● **INFORMATION SHOWN**

╔══

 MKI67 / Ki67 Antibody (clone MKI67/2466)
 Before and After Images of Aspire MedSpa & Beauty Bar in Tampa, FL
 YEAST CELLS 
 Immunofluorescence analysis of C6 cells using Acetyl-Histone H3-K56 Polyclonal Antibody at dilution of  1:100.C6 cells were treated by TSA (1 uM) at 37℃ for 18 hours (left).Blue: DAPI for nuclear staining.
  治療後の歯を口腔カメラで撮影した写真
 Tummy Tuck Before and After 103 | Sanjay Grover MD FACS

╚══
╔══

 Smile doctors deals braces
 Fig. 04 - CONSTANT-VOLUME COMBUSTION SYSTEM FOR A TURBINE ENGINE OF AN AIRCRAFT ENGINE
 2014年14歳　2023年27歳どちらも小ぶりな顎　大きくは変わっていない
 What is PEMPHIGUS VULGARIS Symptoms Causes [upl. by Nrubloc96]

╚══

● **TRY IT**
Both the line containing "MKI67 / Ki67 Antibody (clone MKI67/2466)" and the line containing "Tummy Tuck Before" belong in the answer. Print them and every line above that falls between them exactly, and no others.

● **OUTPUT OF THE TASK**
 MKI67 / Ki67 Antibody (clone MKI67/2466)
 Before and After Images of Aspire MedSpa & Beauty Bar in Tampa, FL
 YEAST CELLS 
 Immunofluorescence analysis of C6 cells using Acetyl-Histone H3-K56 Polyclonal Antibody at dilution of  1:100.C6 cells were treated by TSA (1 uM) at 37℃ for 18 hours (left).Blue: DAPI for nuclear staining.
  治療後の歯を口腔カメラで撮影した写真
 Tummy Tuck Before and After 103 | Sanjay Grover MD FACS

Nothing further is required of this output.